Konzentriert und mit Sprechzetteln in der Hand erhebt Martin ihre Vorwürfe. Die 46-Jährige beklagt einen Rechtsruck bei der AfD, zu wenig Distanz zu Extremisten. Und deshalb verlässt sie nun Partei und Fraktion, wie sie am Samstag in ihrem Abgeordnetenbüro in Stuttgart sagt. Dass nun eine Zeugin aus den eigenen Reihen bestätigt, was viele Beobachter von außen seit langem anprangern, verfehlt seine Sprengkraft nicht: Die AfD wittert Verrat in den eigenen Reihen – und tut den „Rechtsruck“-Vorwurf als Hirngespinst ab.
Buch über AfD-Interna geplant
Die Hinterbänklerin Martin, eine Erzieherin, sei überfordert, ätzt daraufhin AfD-Fraktionschef Jörg Meuthen. Der Bundesvorsitzende der Partei wirft ihr ein „falsches Spiel“und „Heuchelei“vor. Die Frau habe ganz offenkundig die Partei nur benutzt, um in den Landtag zu kommen.
Neun Monate nach Einzug der AfD ins Parlament will Martin ihren eigenen Weg gehen. Dass sie Anfeindungen erntet, ist ihr klar. Bei dem eilig angesetzten Termin nutzt sie die Aufmerksamkeit der Medien, um ihr geplantes Buch zum Innenleben der AfD anzukündigen. Zum Verlag und genauen Inhalt freilich hält sie sich mit gezwungenem Lächeln bedeckt. Es dürfte aber vor allem auch um die Gründe für ihren Parteiaustritt gehen.
Zur AfD gestoßen sei sie 2013, weil ihr die streng konservative Haltung der Partei und die Kritik an der Eurorettungspolitik aus dem Herzen gesprochen habe, sagt Martin.
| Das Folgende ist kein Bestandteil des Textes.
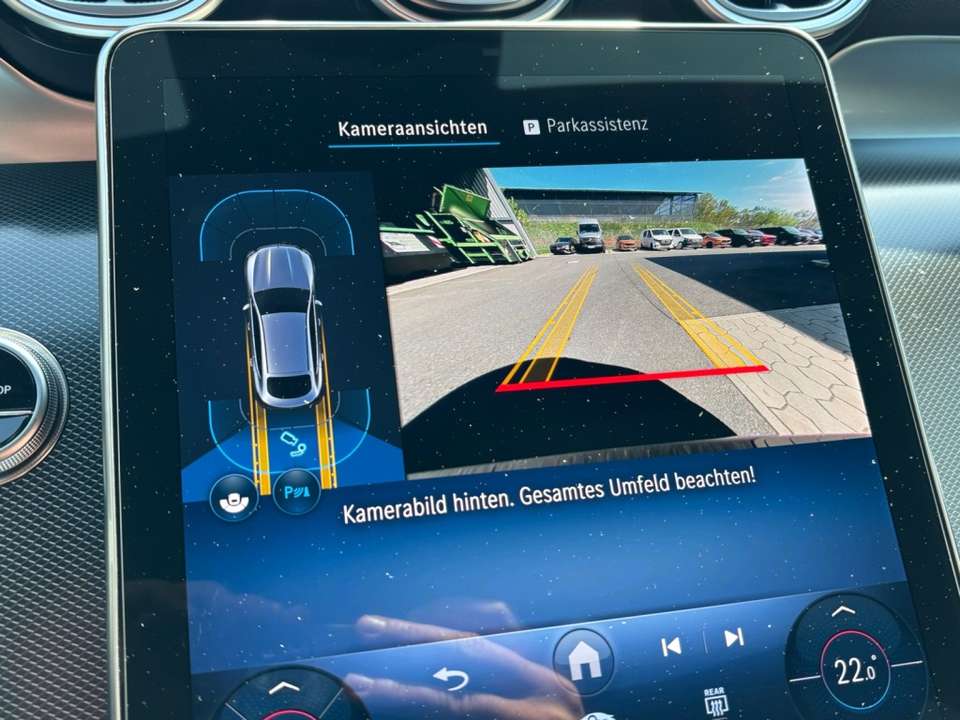 Mercedes-Benz GLC 200 - Imagem 11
Jetzt aber mache die Partei Politik auf dem Rücken der Flüchtlinge, gehe reißerisch auf Stimmenfang bei den Wählern und grenze sich unzureichend ab gegen Antisemitismus und rechten Extremismus. „Sie hat für mich den Blick auf die Menschen verloren“, sagt Martin über die AfD.
Der Politikwissenschaftler Frank Brettschneider sieht ebenfalls einen „Rechtsruck“bei der AfD, wie er der Deutschen Presse-Agentur sagt: „Es hat eine Verschiebung zu Komponenten gegeben, die man als rechts ansehen kann.“Dieser „Rechtsruck“sei beim Personal der Partei und bei den Inhalten zu sehen, meinte er. Dass Martins Abgang die Existenz der Partei bedroht, erwartet er aber nicht.
Zweiter Abgang nach Gedeon
Für die anderen Parteien im Landtag ist der Fall Martin ein neuer Beleg dafür, dass die AfD vor allem mit sich selbst beschäftigt ist. Schließlich hatte sich die Fraktion gerade erst nach monatelanger Spaltung zusammengerauft. Grund für die Spaltung im Sommer war der Streit um den Umgang mit den Antisemitismus-Vorwürfen gegen den Abgeordneten Wolfgang Gedeon. Nun verliert die Fraktion mit Martin das zweite Mitglied. Mit 21 Abgeordneten ist sie aber immer noch drittstärkste Kraft im Landtag.